Task instructions: Pictures in the records below must be left out. Return exactly the lines from the line with "BUNGA ARTIFICIAL PEONY" to the line with "layer denim skirt - Guess", both included.

Supplied entries:
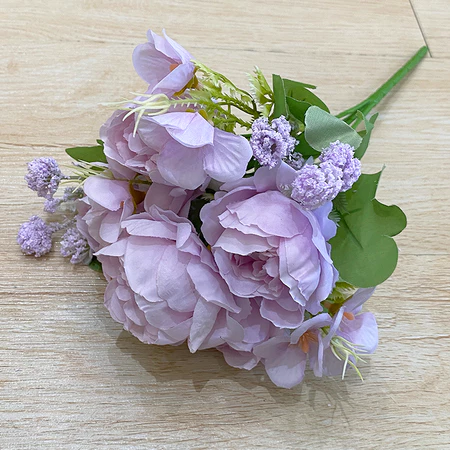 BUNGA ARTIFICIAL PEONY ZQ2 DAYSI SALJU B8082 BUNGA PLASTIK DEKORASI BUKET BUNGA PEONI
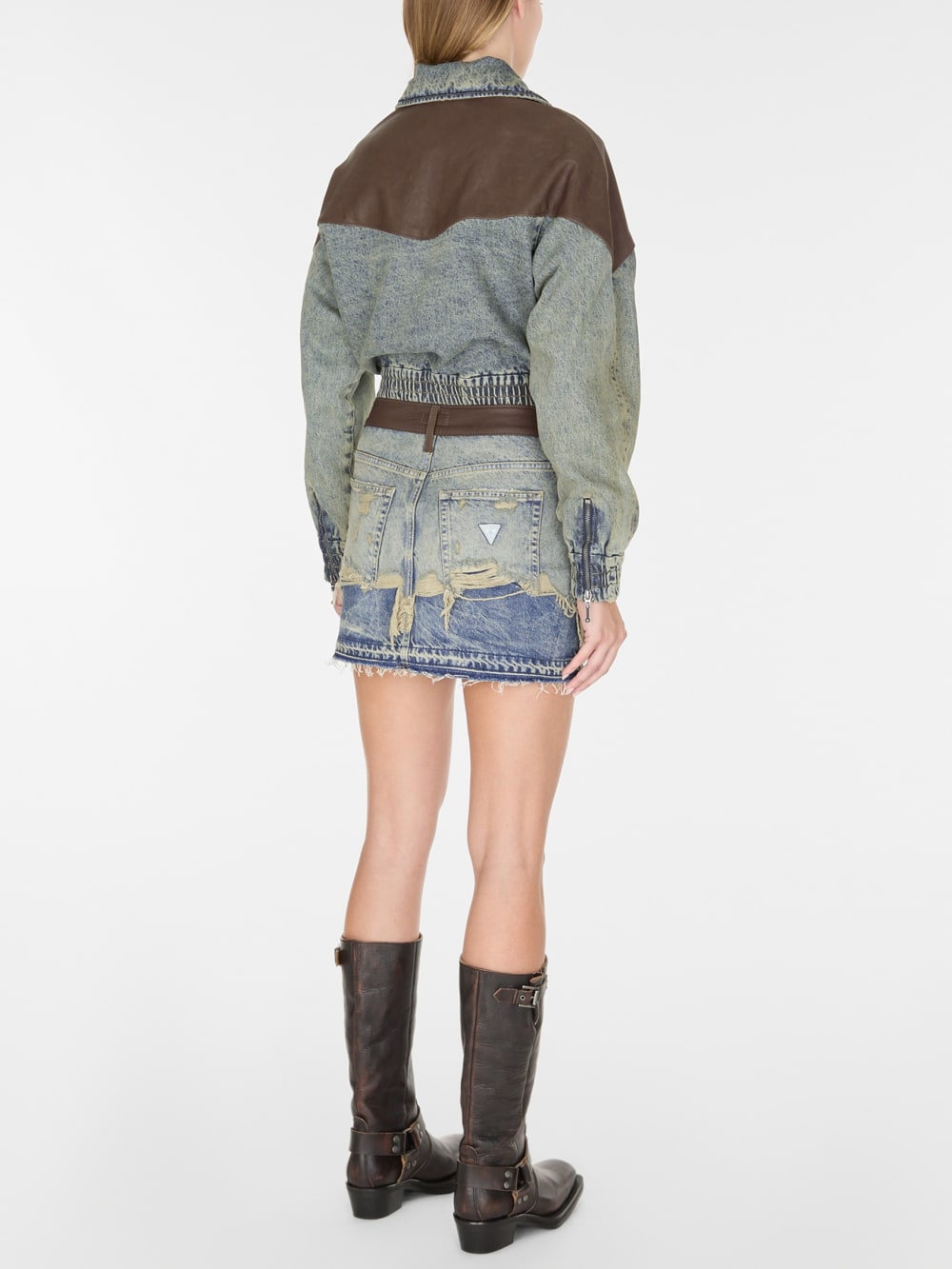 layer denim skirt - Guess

* * *

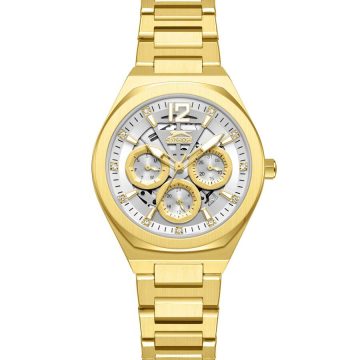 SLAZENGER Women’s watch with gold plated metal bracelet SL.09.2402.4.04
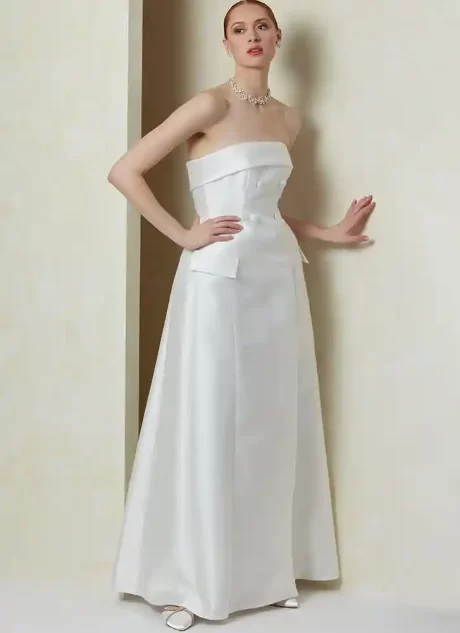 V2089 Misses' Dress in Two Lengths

==

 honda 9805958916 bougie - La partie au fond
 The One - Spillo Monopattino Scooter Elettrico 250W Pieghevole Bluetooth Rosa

Task output:
 BUNGA ARTIFICIAL PEONY ZQ2 DAYSI SALJU B8082 BUNGA PLASTIK DEKORASI BUKET BUNGA PEONI
 layer denim skirt - Guess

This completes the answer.